Cohort <- type("Cohort", c("alpha", "beta", "gamma"))

# by default the validate function only checks for membership
cohort1 <- implement(Cohort, "alpha")

# custom function for type checking
Age <- type("Age", function(x) {
    return(is.numeric(x) && x >= 0 && x <= 120 && length(x) == 1)
})

# Use the atomic type
john_age <- implement(Age, 30)
print(john_age) # Should print a vector of length 1

# This should raise an error
try(implement(Age, 150))

Integration with Existing Codebase

  • Add a new file R/type.R to contain the type() function and related helpers.
  • Modify R/implement.R to handle atomic types differently from interfaces.
  • Update R/helpers.R to include type checking for atomic types.
  • Add new print functions in R/print.R to handle atomic types.

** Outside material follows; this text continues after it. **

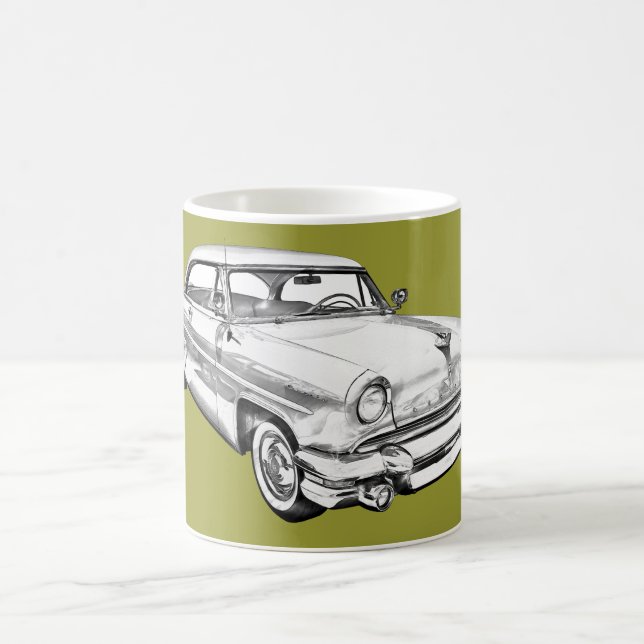 Luxusauto-Illustration 1955 Lincolns Capri Kaffeetasse (Mittel)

5. Extend Interfaces and Existing R Types

Description

Allow interfaces to extend other interfaces or existing R types, similar to inheritance in object-oriented programming.

Implementation Ideas

  • Modify the interface() function to accept a extends parameter.
  • Update the check_interface() function to check properties from extended interfaces or types.
  • Implement a mechanism to resolve property conflicts in case of multiple extensions.

Example Usage

# Extend an existing interface
Person <- interface("Person",
    name = "character",
    age = "numeric"
)

Employee <- interface("Employee",
    extends = Person,
    job_title = "character",
    salary = "numeric"
)

john <- implement(Employee,
    name = "John Doe",
    age = 30,
    job_title = "Developer",
    salary = 75000
)

# TODO: this needs more work
# Extend an existing R type
EnhancedDataFrame <- interface("EnhancedDataFrame",
    extends = "data.frame",
    metadata = "list"
)

my_df <- implement(EnhancedDataFrame,
    data.frame(x = 1:3, y = c("a", "b", "c")),
    metadata = list(created_at = Sys.time())
)

Integration with Existing Codebase

  • Modify R/interface.R to handle the extends parameter.
  • Update R/helpers.R to include extended property checking in check_interface().
  • Add new test cases in tests/testthat/test-interface.R for extension functionality.

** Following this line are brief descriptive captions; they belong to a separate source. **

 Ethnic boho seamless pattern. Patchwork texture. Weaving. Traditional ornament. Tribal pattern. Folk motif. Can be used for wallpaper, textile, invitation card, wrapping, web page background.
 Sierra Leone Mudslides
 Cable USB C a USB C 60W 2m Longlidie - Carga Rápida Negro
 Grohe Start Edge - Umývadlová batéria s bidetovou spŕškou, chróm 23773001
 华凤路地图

6. Add Method Signatures to Interfaces

Description

Allow interfaces to specify method signatures, not just properties.

Implementation Ideas

  • Extend the interface() function to accept method signatures.
  • Implement a mechanism to check if an object implements the required methods.

Example Usage

Drawable <- interface("Drawable",
    methods = list(
        draw = function() NULL
    )
)

Circle <- interface("Circle",
    extends = Drawable,
    radius = "numeric",
    methods = list(
        area = function() NULL
    )
)

my_circle <- implement(Circle,
    radius = 5,
    draw = function() {
        return(cat("Drawing a circle\n"))
    },
    area = function() {
        return(pi * self$radius ^ 2)
    }
)

my_circle$draw()
print(my_circle$area())

Integration with Existing Codebase

  • Modify R/interface.R to handle method signatures.
  • Update R/implement.R to check and implement methods.
  • Add new test cases in tests/testthat/test-interface.R for method functionality.